I spent much of January and February snuffling at home while friends contacted me to tell me how good winter climbing conditions were. But over the last week or so I have begun to emerge from illness-induced idleness and re-start after work exercise. After all it’s only a few days over seven months until Paul Ramsden and I head off for the exciting pastures of West Nepal.
Chee Tor Girdle seemed to offer a fitting return to evening action. It was already dark by the time Paul and I met at Wormhill with a vague arrangement that Neil McAdie would follow later. A day of heavy rain had transformed the usually pleasant paddle across the river into a dauntingly insecure wade. It was though pleasing to note that we had the route, and indeed the crag, to ourselves.
Unethical river crossing
We were busy grappling with the dank first pitch when a headtorch appeared on the far side. ‘How did you get across?’ shouted Neil. Unhelpful suggestions poured forth until, to our disappointment, he found a tree that had fallen to form a bridge such that he didn’t even have to get his feet wet.

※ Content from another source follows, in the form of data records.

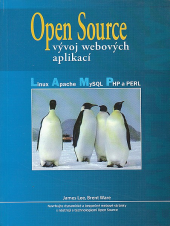 Open Source - Vývoj webových aplikací obálka knihy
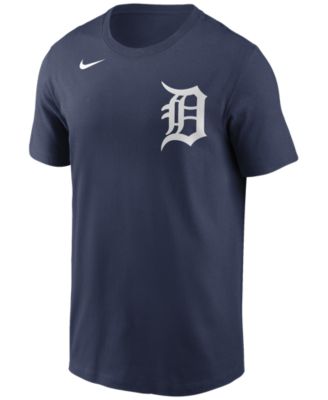 Nike - Detroit Tigers Men's Swoosh Wordmark T-Shirt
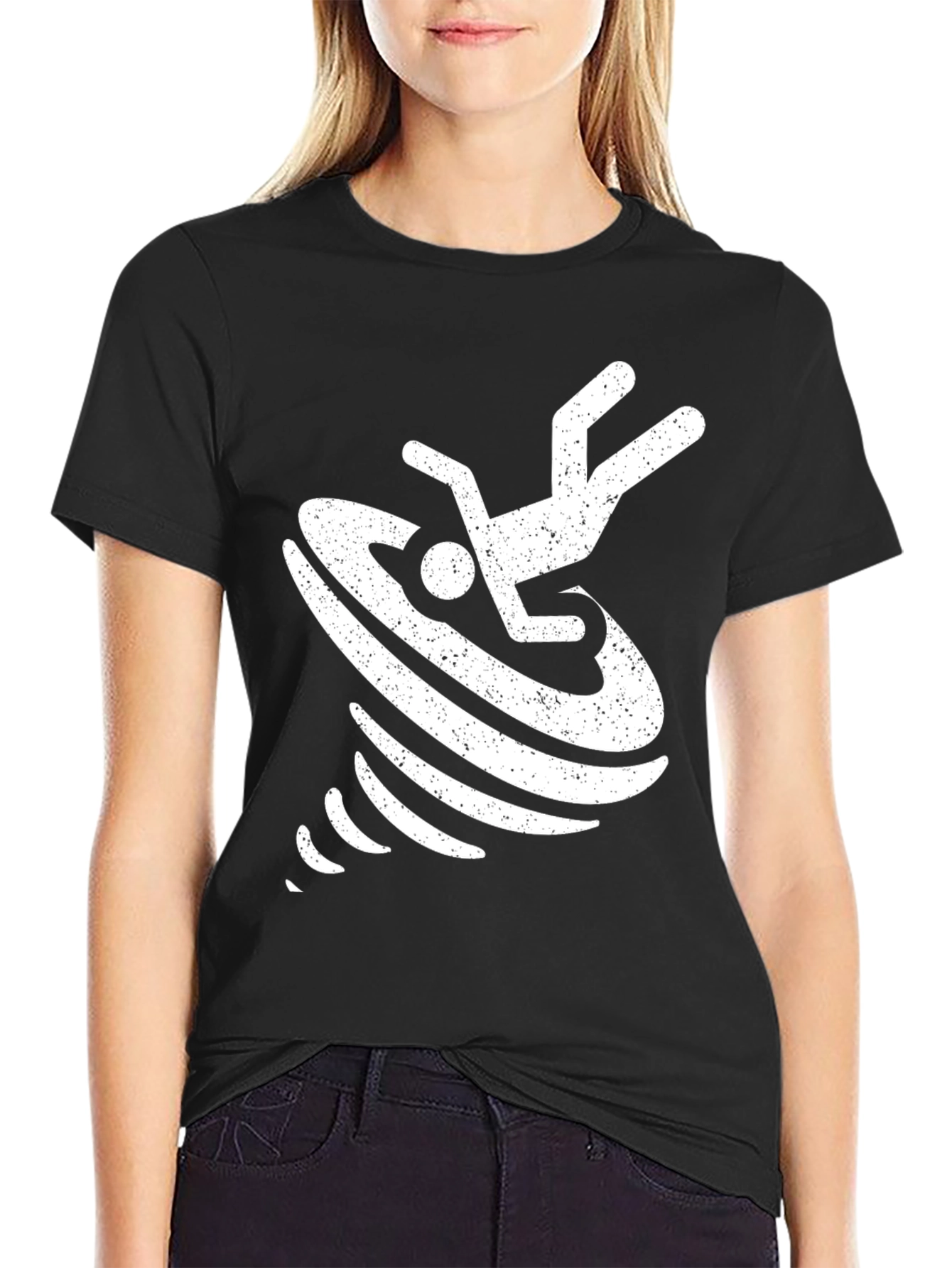 Black Hole Swirl T-Shirt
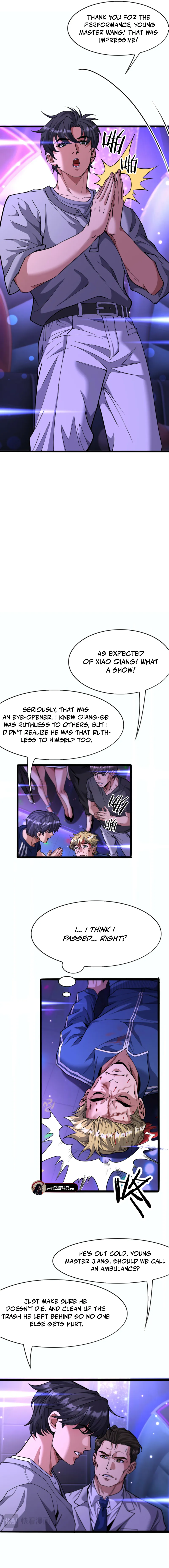 Read As a ‘God-Tier Tycoon’, it’s only reasonable for me to be a scumbag, right EN Manga Online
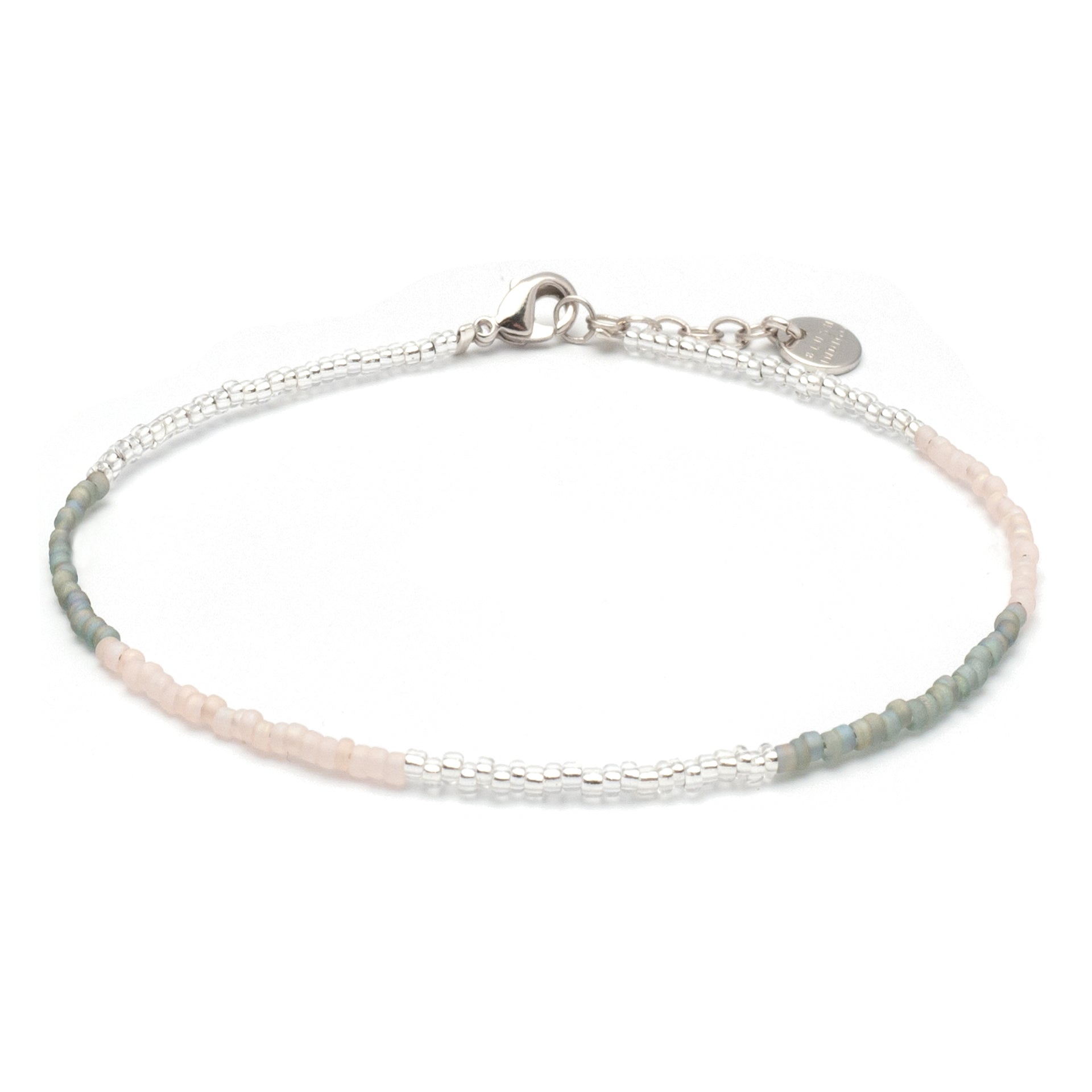 Armband Be Blush - Block Mix 29 silber
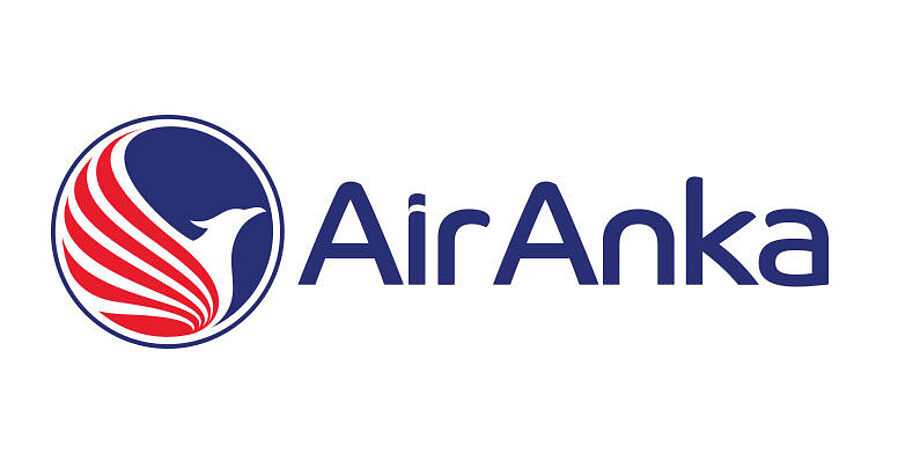 Logo der Fluggesellschaft Air Anka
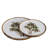 Mango Wood Plate With Print-1678592615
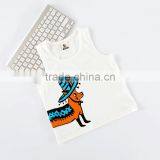 S17140A In Stock Boys Summer Cotton Knitting Pattern Printed Baby Vest thumbnail-6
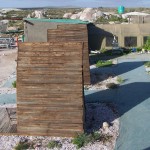 View of The Beach Camp accommodation & kitchen-tent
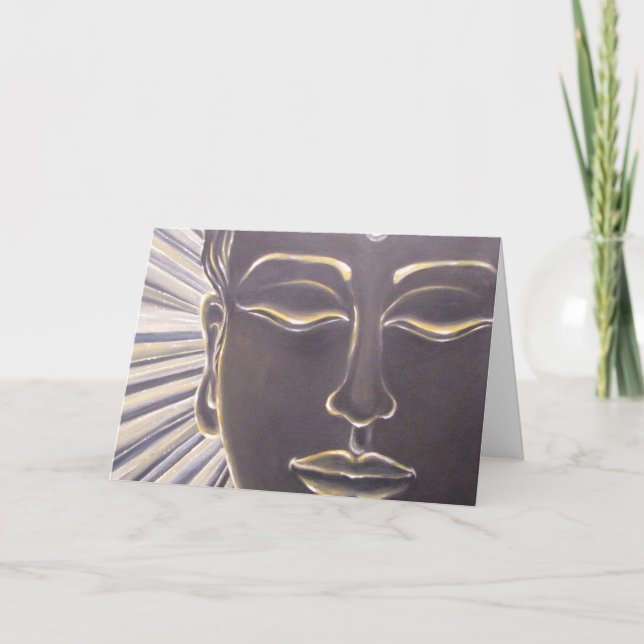 Buddha Card (Front)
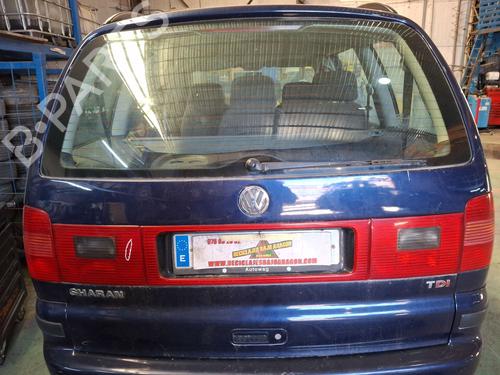 Used Tailgate Tailgate VW SHARAN VAN (7M_) 1.9 TDI (7M6, 7M9) (116 hp) 33048645 33048645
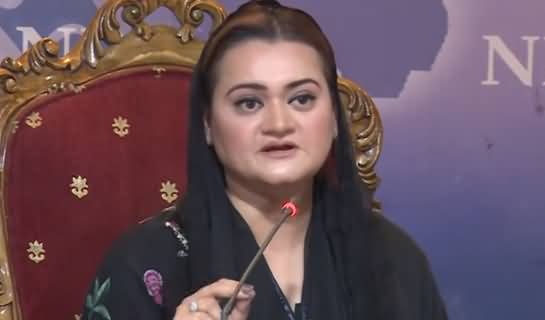 Maryam Aurangzeb Press Conference In Response to Dailymail Story - 14th July 2019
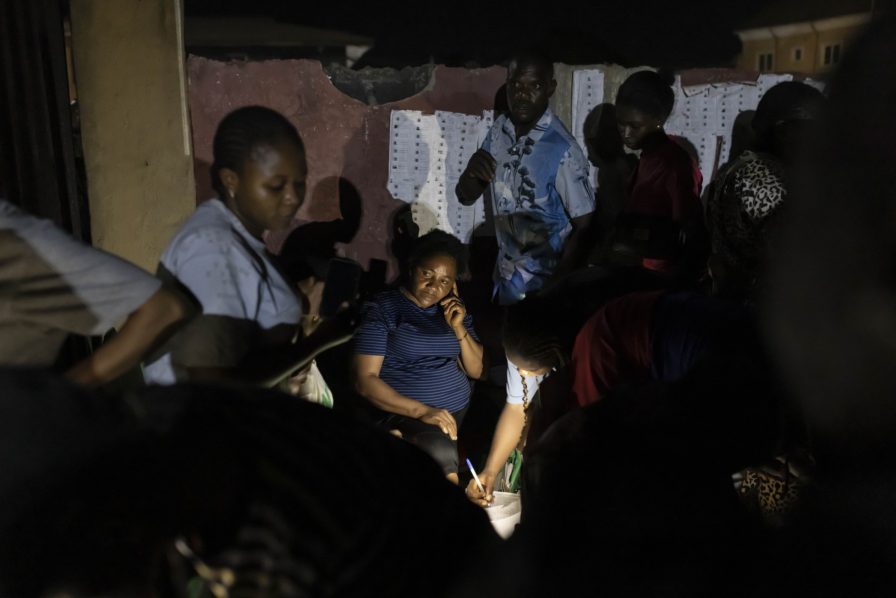 NIGERIA-ELECTION-VOTE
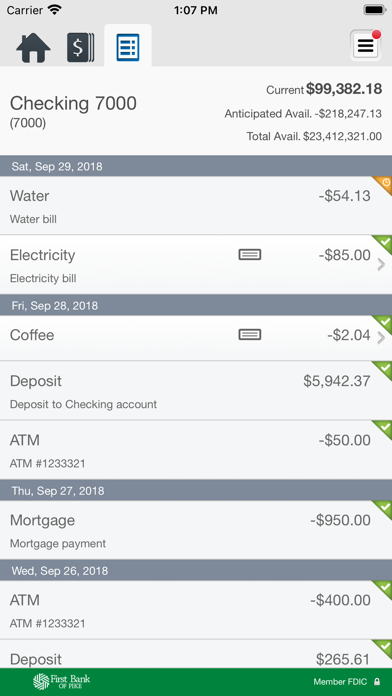 First Bank of Pike Business Screenshot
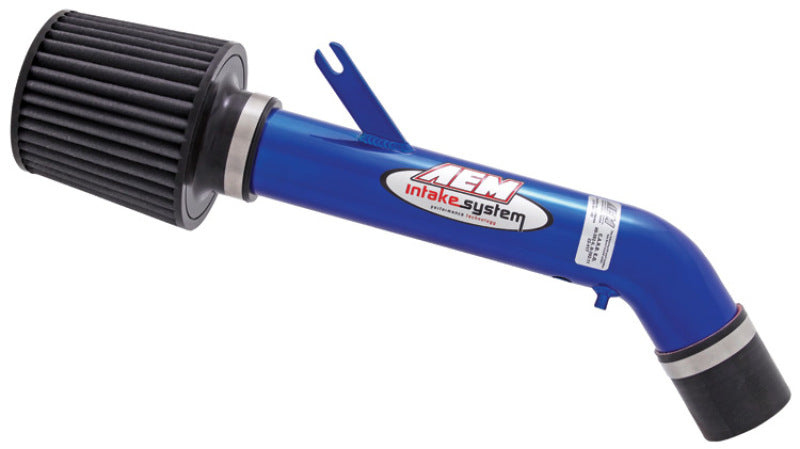 AEM 99-00 Honda Civic Si Blue Short Ram Intake - 0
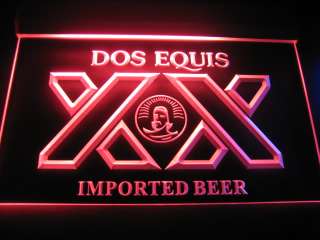 w1701 Dos Equis Beer Bar Pub Restaurant Light Sign  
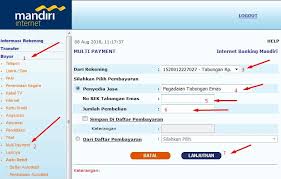 Buka utilities pada bagian dashboard kiri. Cara Top Up Saldo Tabungan Emas Melalui Atm Bri Bni Ib Mandiri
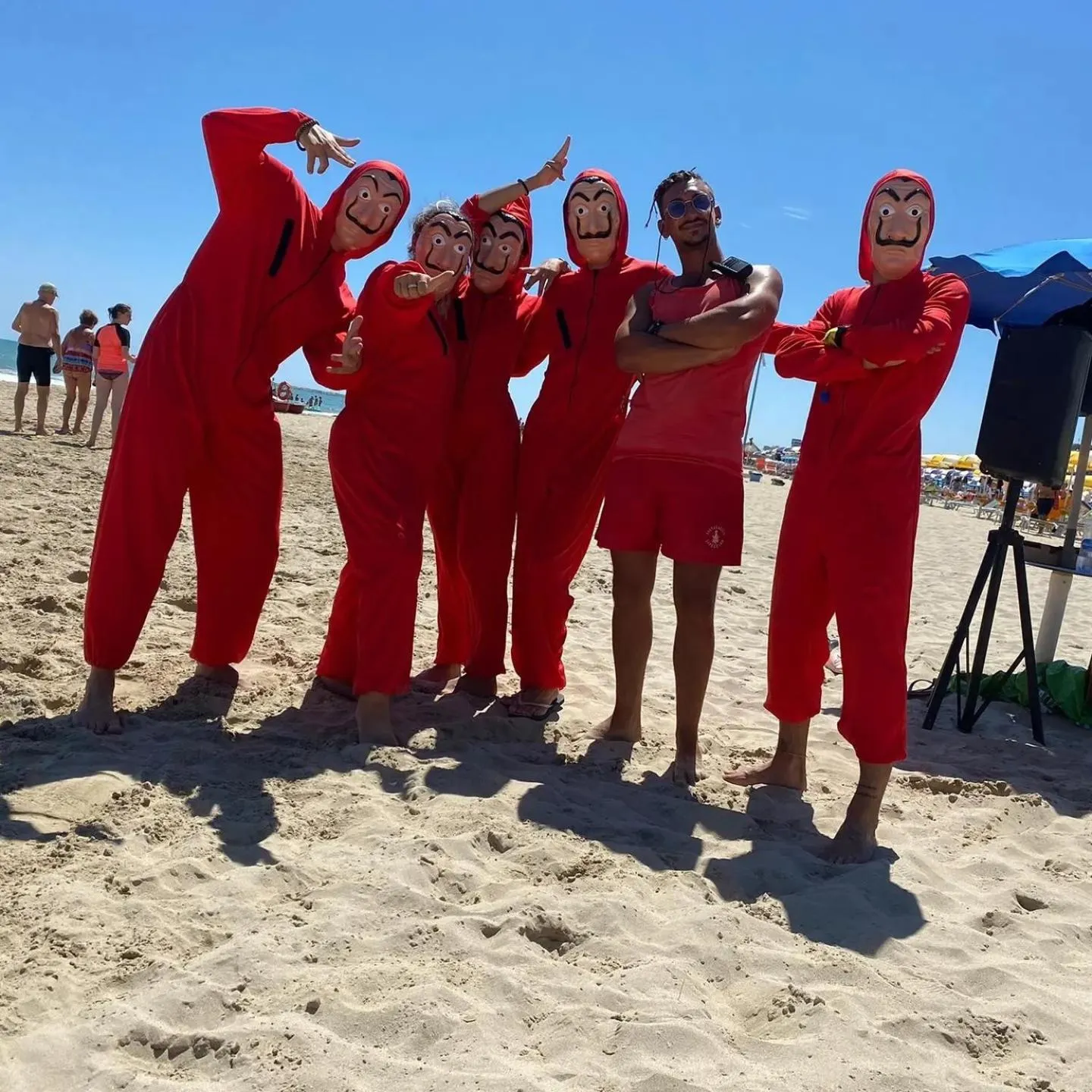 Beach in Zenit Hotel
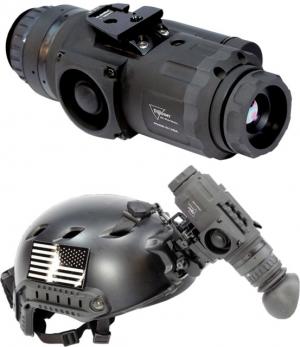 Trijicon Electro Optics IR PATROL M250 19mm Thermal Imaging Monocular, 60Hz, Black IRMO-250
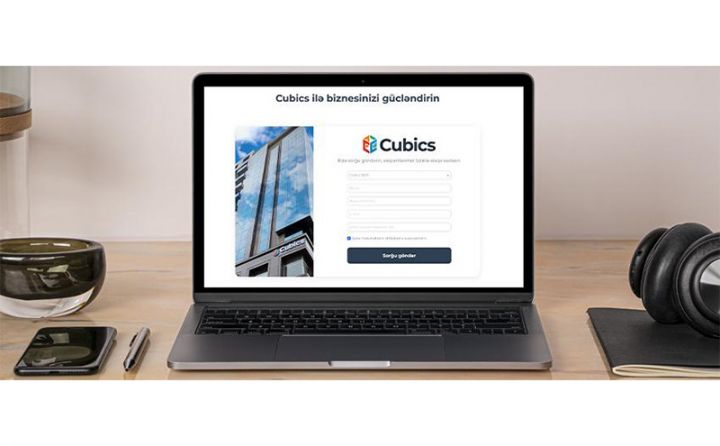 “Cubics Addımı” ilə biznesin avtomatlaşdırılmasına hazırlıq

Paul Ramsden on pitch one.
Up and damply leftwards we went until, after several pitches, it was getting late and cold and increasingly clear that we were in danger of being late for the pub. With the three of us hanging together from a large sling, priorities were assessed and a decision made. The pub won on the reasoning that pub talk can be regarded as motivational mountaineering exercise which can be every bit as important as physical climbing exercise.
Neil McAdie on Chee Tor Girdle
The landlady wondered why we hadn’t just gone straight to the pub and appeared not to be motivated by the thought of wading rivers and clambering about on wet bits of rock. It is great that us humans don’t all think the same way. Crowds on the crag would have detracted from the pleasure.